(Information supplied)
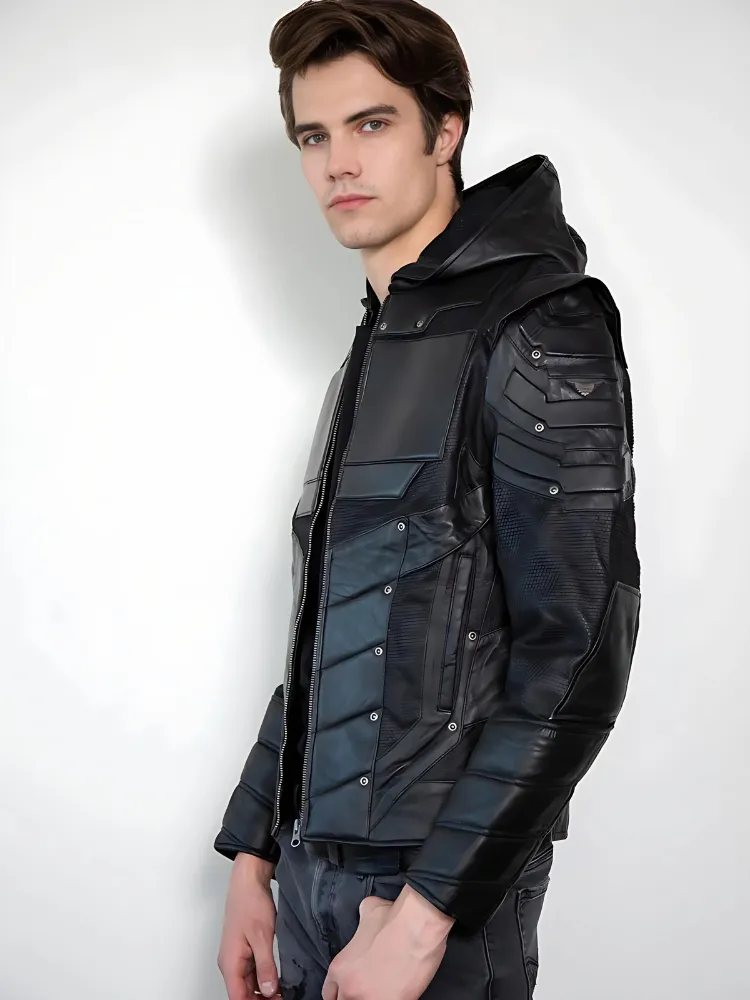 Forest Green Armor Leather Jacket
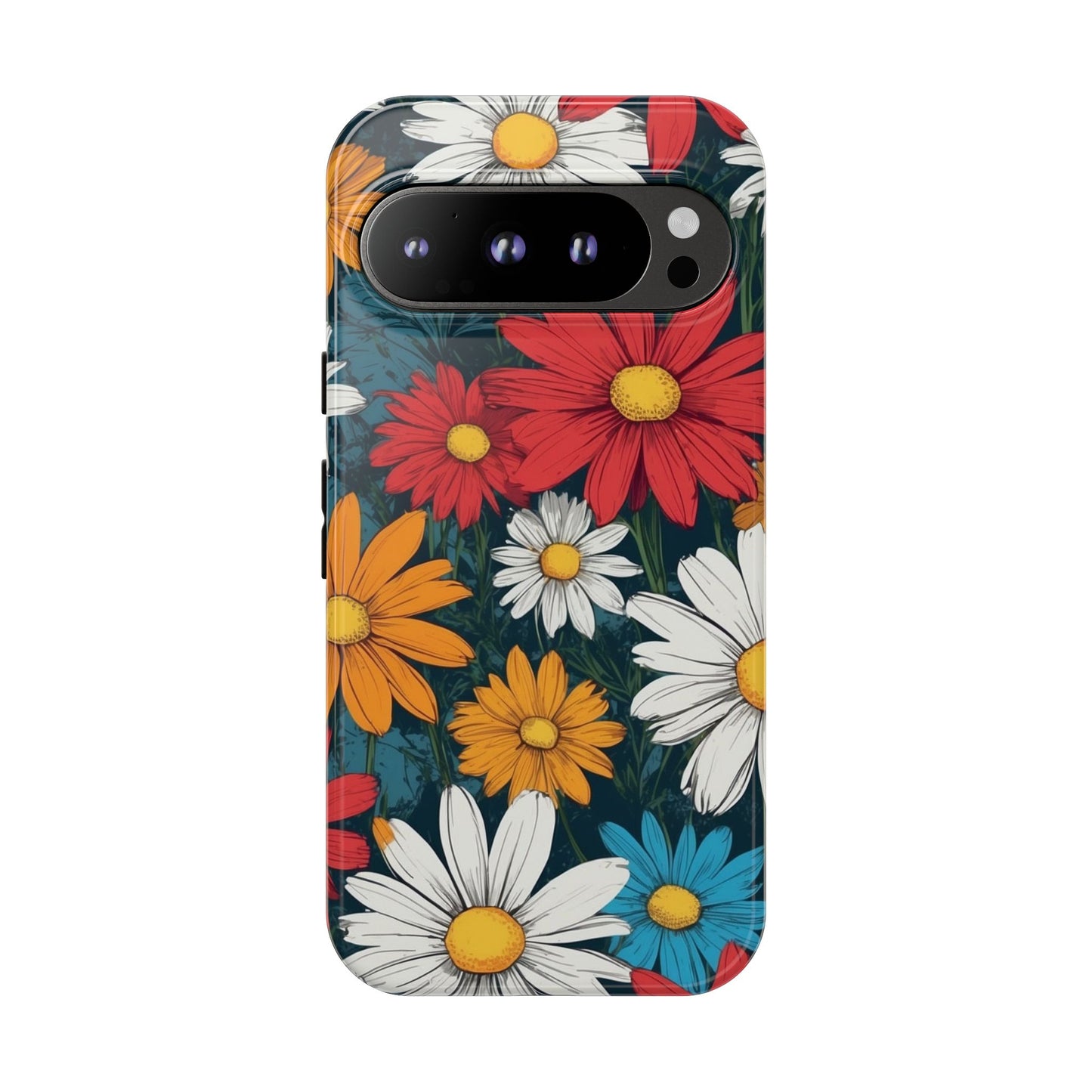 Google Pixel 9 Pro / Glossy Phone Case - Pop Art Daisies Illustration ’Red & Orange’ Phone Case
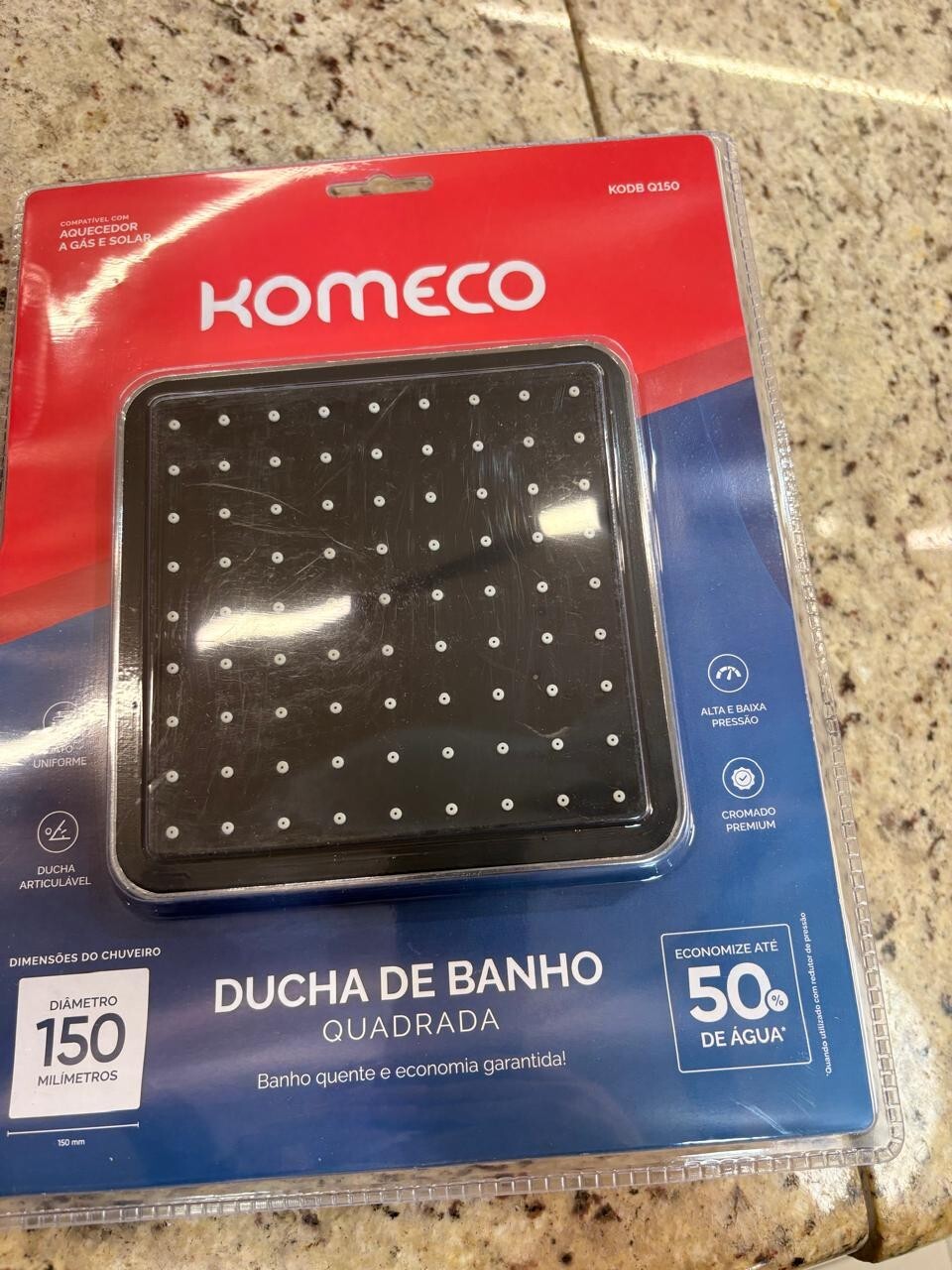Ducha Komeco Banho Kodb Q150 Quadrada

(Work request) Skip the pictures and copy exactly the lines from the one containing "Google Pixel 9" through the end of the material, both ends included.

(Solution for this problem)
 Google Pixel 9 Pro / Glossy Phone Case - Pop Art Daisies Illustration ’Red & Orange’ Phone Case
Ducha Komeco Banho Kodb Q150 Quadrada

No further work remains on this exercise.